Lo que significa que la verdadera contabilidad en juego es lo que España y Cataluña están dispuestas a pagar para ser lo que quieren ser. Es decir: si alguien da más que el precio que España ya paga para contener a Cataluña, que se calcula en subdesarrollo económico y degradación institucional. Puertos de segunda y un Tribunal Constitucional que es una banda, a cambio de un proyecto identitario castellanocéntrico y el sistema de dominación del árbol genealógico del cuerpo diplomático. Cataluña también paga lo suyo para disimular el miedo, sufragar a sus señorones sin espíritu y comer gambas: una cultura cobarde y parroquial, dedicada a hacerse la inocente.
No es irracional, pero es la contabilidad de los siglos. Si España no logra contener a Barcelona, Madrid como centro de poder se deshace. Y el Madrid oficial no es solo casta, es una idea del mundo que despliega cultura y política. Así las cosas, sale más a cuenta comprar a las élites de Barcelona con prebendas y mercados cautivos antes que pagar el precio de dar carta de naturaleza al eje Valencia-Barcelona. Pero con la globalización, el BOE cada vez da para menos. Y sin dinero, vuelve lo reprimido. Vuelven las ciudades.
Esto explica por qué la conversión al independentismo de parte de las élites del pujolismo y el socialismo catalán es un acto de deslealtad repugnante: con lo que se les había dado, ese dinero, ese mirar a otro lado. Pero es lo que ocurre cuando los países se edifican sobre un modus vivendi en lugar de sobre las aspiraciones universales o los amores concretos. Llega un día en que el dinero para comprar lealtades se acaba, o que la dignidad encuentra su fondo. Por eso el coste que Cataluña debe pagar para independizarse es derrocar a sus élites y todo su sistema de incentivos culturales. No es bajo. Esa es la cuestión: si habrá ganas.
Los catalanes quizá seamos lo bastante fuertes para soportar que nos traten de locos —o judíos, o nazis, o polacos— por decir que vivimos todos en el interior de una cursilería legalista que quiere ocultar la batalla y los acuerdos entre las élites de Madrid y Barcelona.
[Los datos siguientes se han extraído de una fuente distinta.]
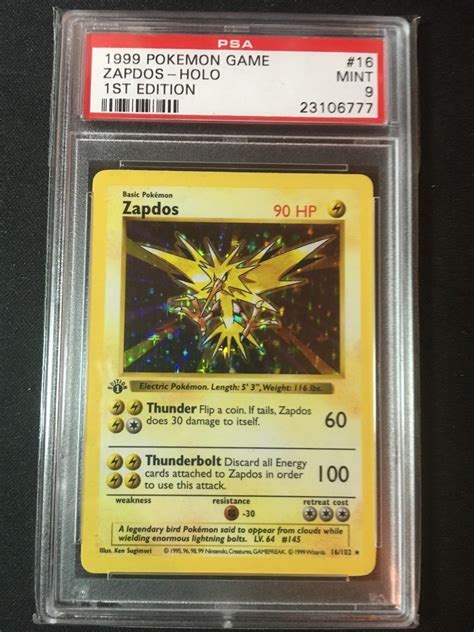 It typically goes for between $100 and $850 depending on quality. These are the old Pokemon cards that could be worth up to £5,000!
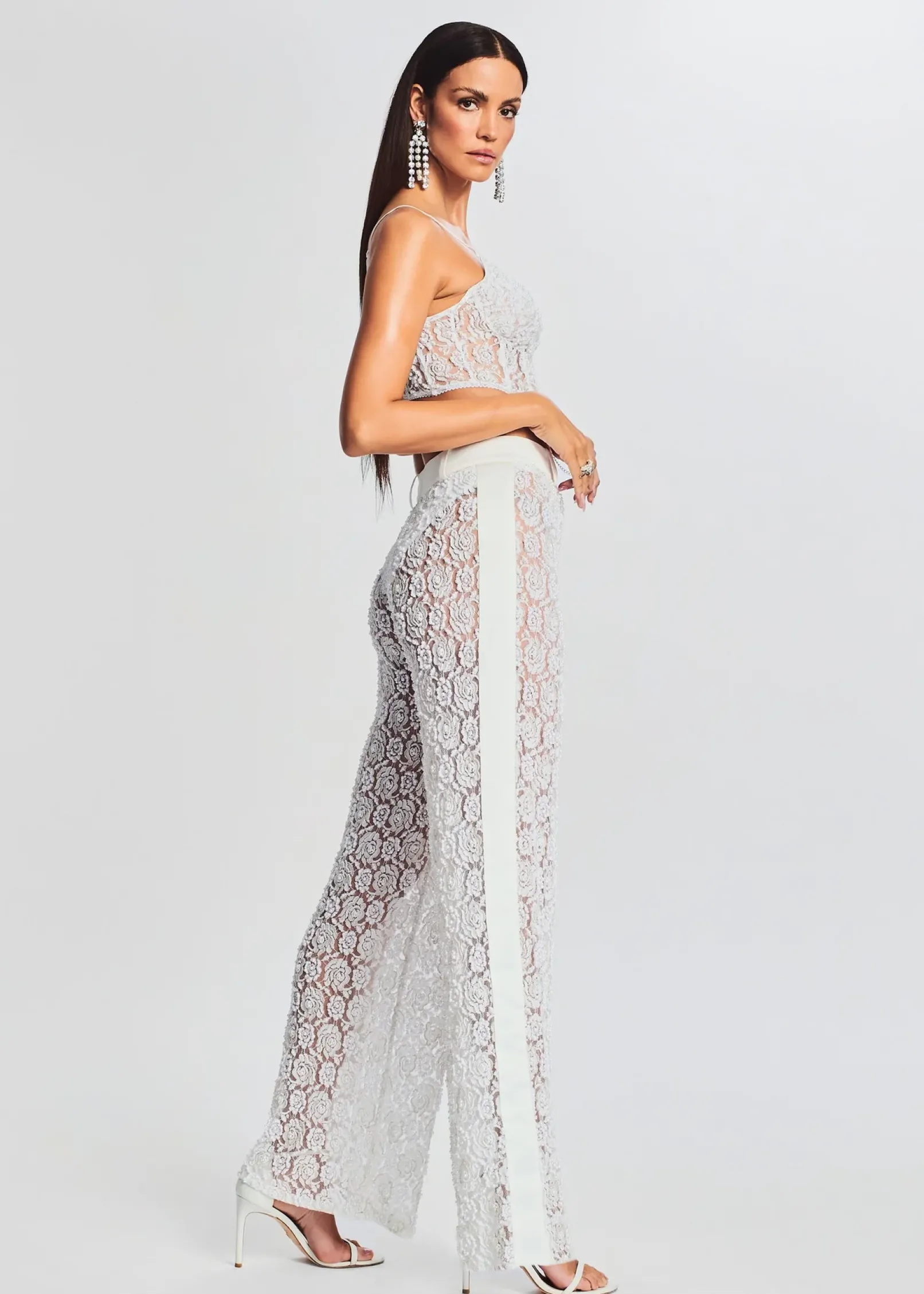 Outlet Pessa Lace Top Bridal Shower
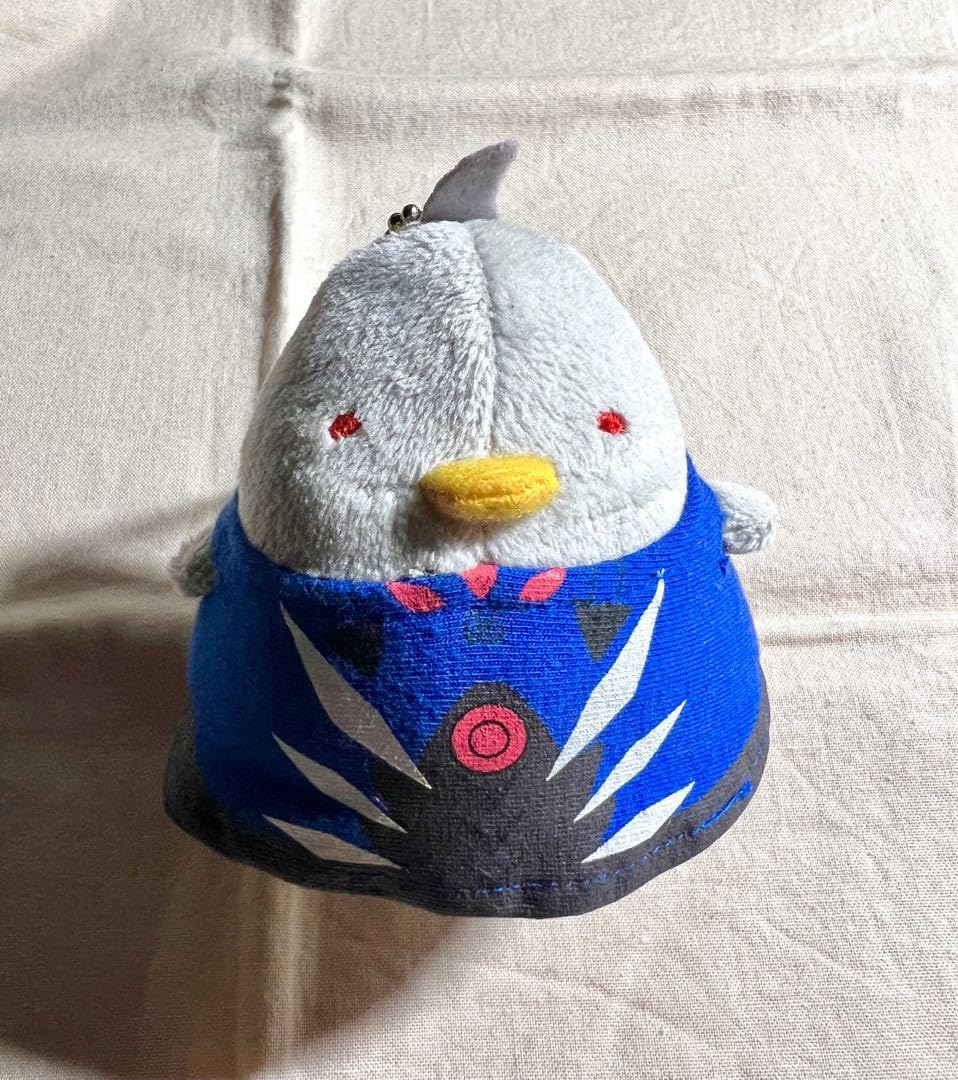 渚カヲルぬいぐるみマスコットカヲル君エヴァ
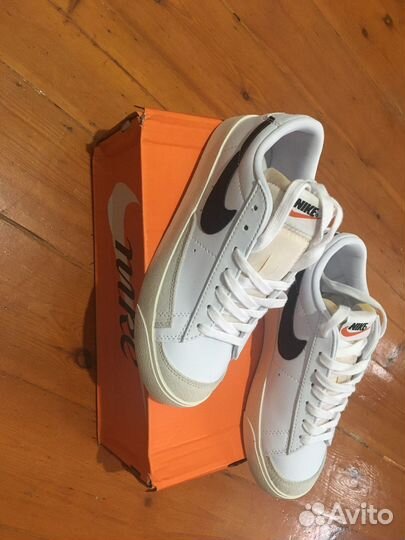 Кроссовки кожа кеды 36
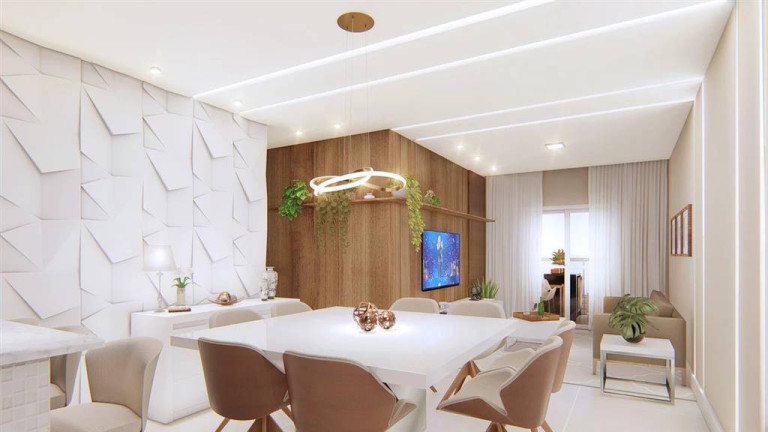 Imagem Apartamento com 3 Quartos à Venda, 108 m² em Aviação - Praia Grande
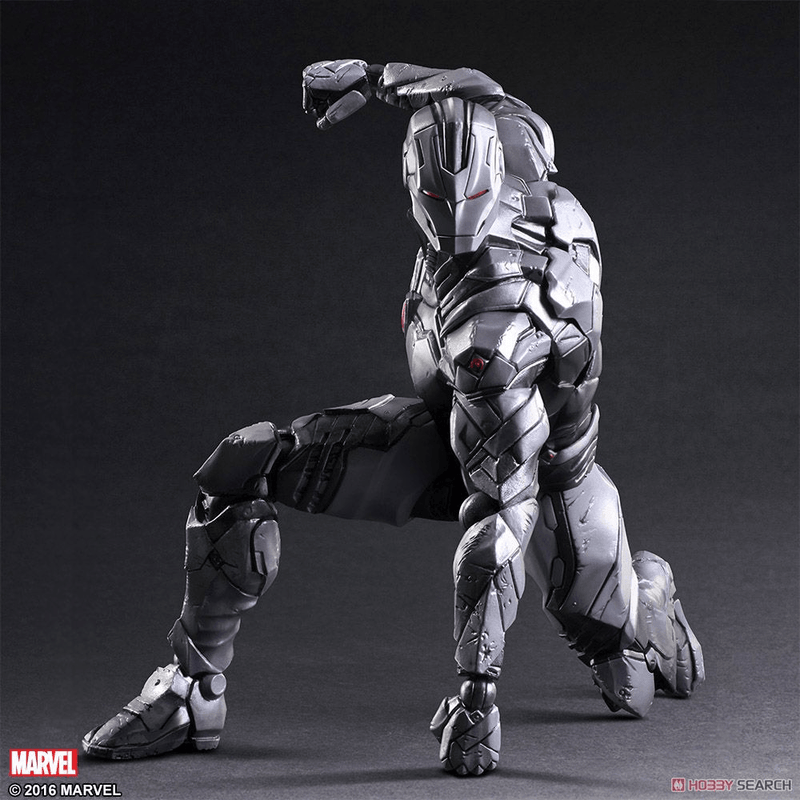 PLAY-ARTS A/F MARVEL UNIVERSE VARIANT KAI IRON MAN LIMITED COLOR VER. - DataBlitz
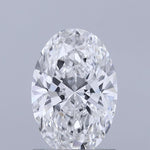 IGI 1.39 Carat Oval Lab Grown Diamond 人工培育鑽石 實驗室人造鑽石
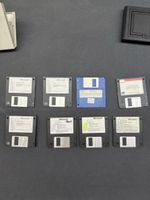 Microsoft DOS Disketten Sammlung - Rarität für Sammler!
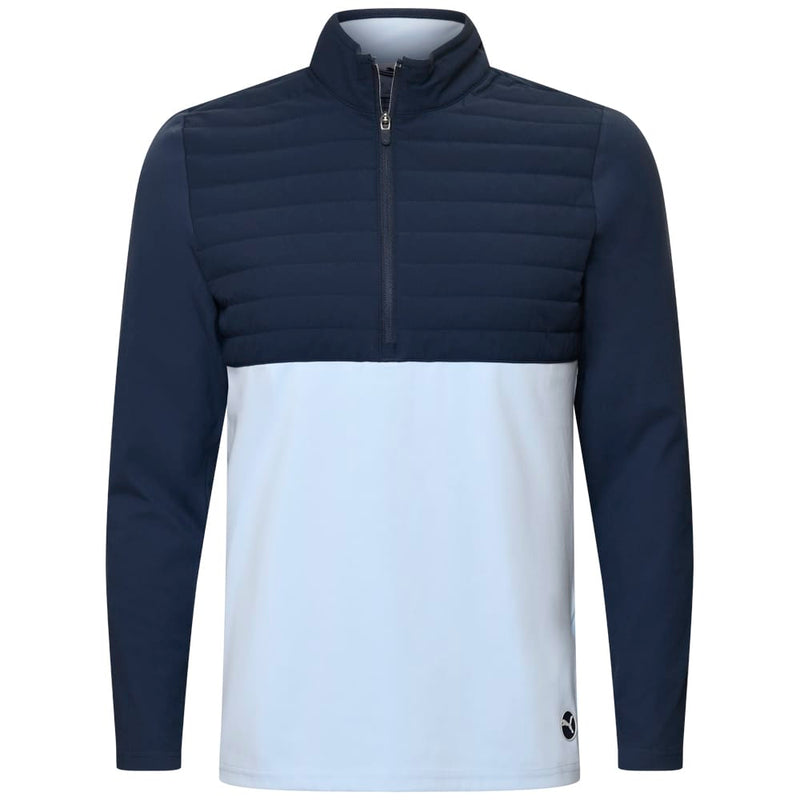 Puma Cloudspun Tech Hybrid 1/2 Zip - Deep Navy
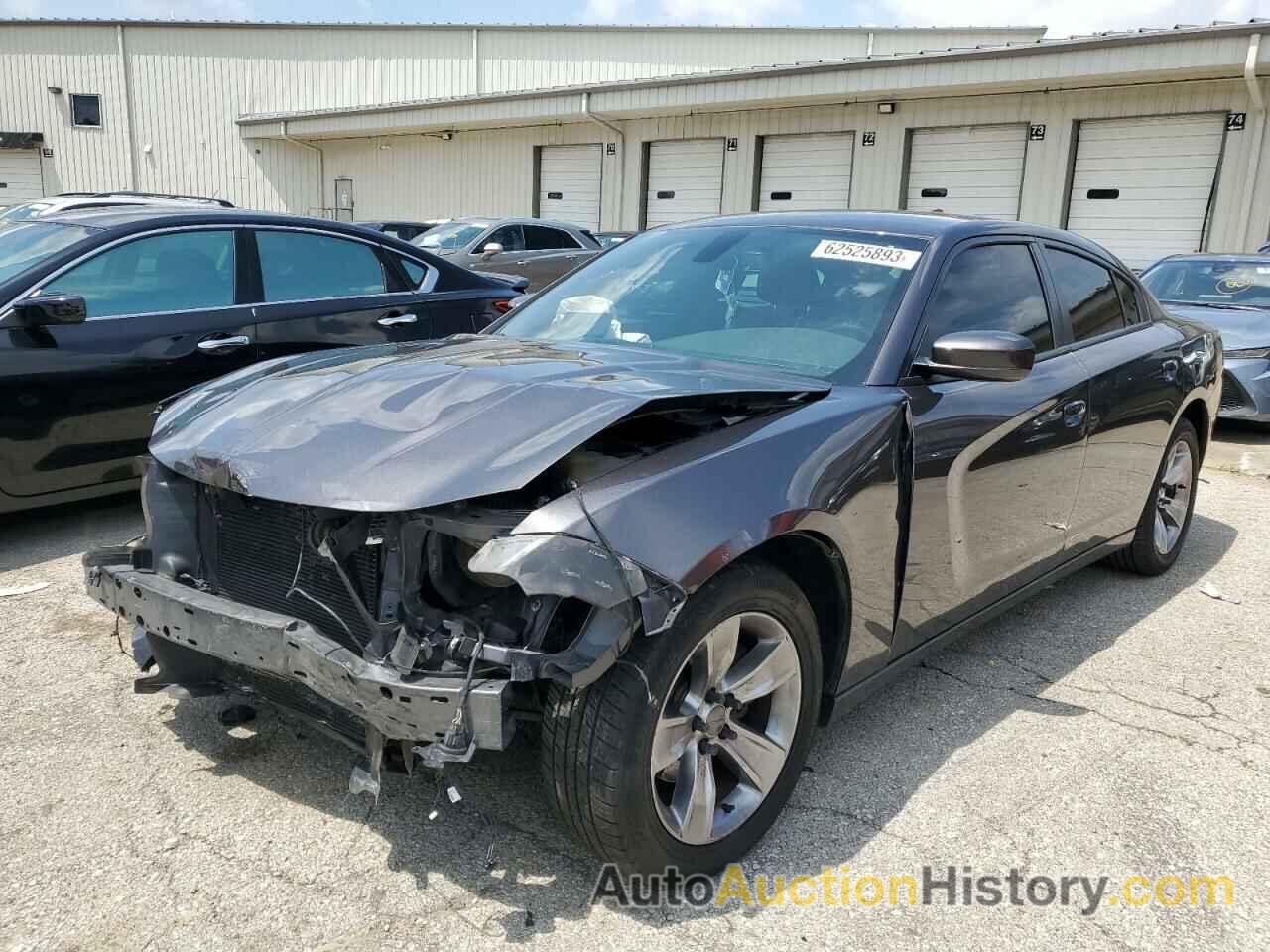 2018 DODGE CHARGER SXT PLUS, 2C3CDXHG1JH128602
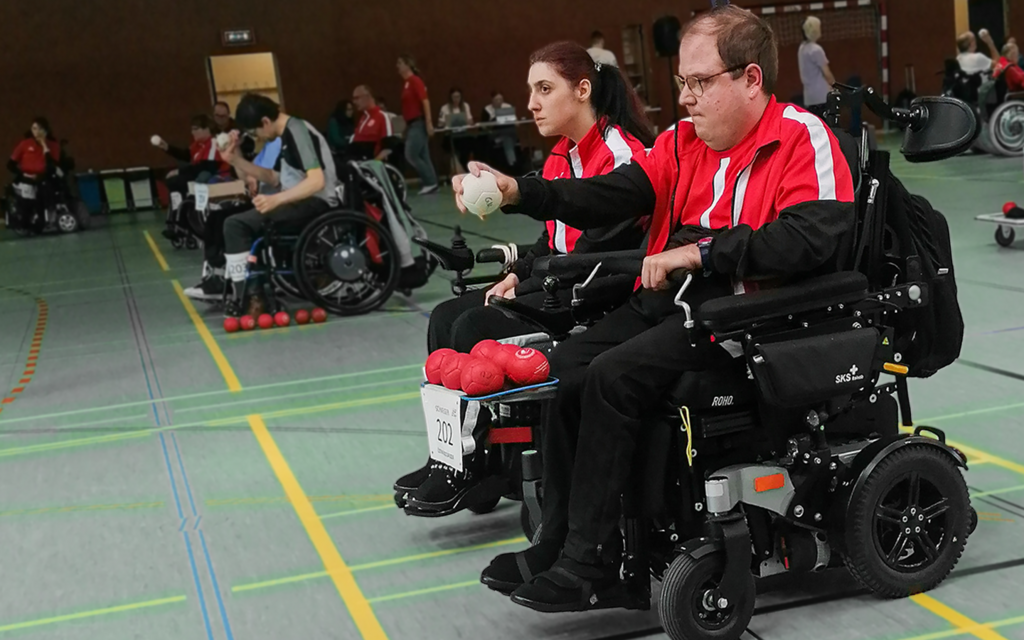 Tiroler Derby: Thomas Schweiger und Laura Santer im Duell. 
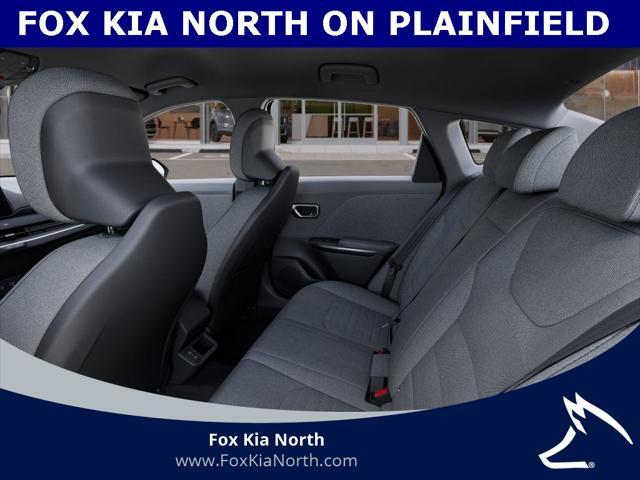 new 2025 Kia K4 car, priced at $24,502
Solo en el desprecio de fondo con que en provincias se habla de lo catalán se observa la memoria viva de lo piratas que han sido nuestros mandamases: ya se ve que se han vendido hasta las bragas de la abuela. Pero ese fue su coste de supervivencia y poder: el grotesco espectáculo de hacerse el tonto por Madrid. No sonría: son un espejo.
Con la autodeterminación les libero del tedioso ejercicio de obligarme a hacer contorsiones para parecer normal, y si ahora cediera a la bravuconería del boicot, estaría condenando a España a ser una cárcel de amenazas y fantasmas. Incluso como español, tengo más amor propio que eso.
Quiero la independencia porque no tengo ningún motivo para mantener amordazadas a las fuerzas de mi entorno: no gano nada con ello. Pero yo puedo permitirme romper porque mi cultura y las fuentes de mi libertad surgen de un lugar anterior e independiente del proyecto español.
La libertad, la suya y la mía, es no darles ninguna razón para autodeterminarme más allá de quiero y puedo. Hasta que defiendan mi derecho a celebrar un referéndum sin pedir permiso.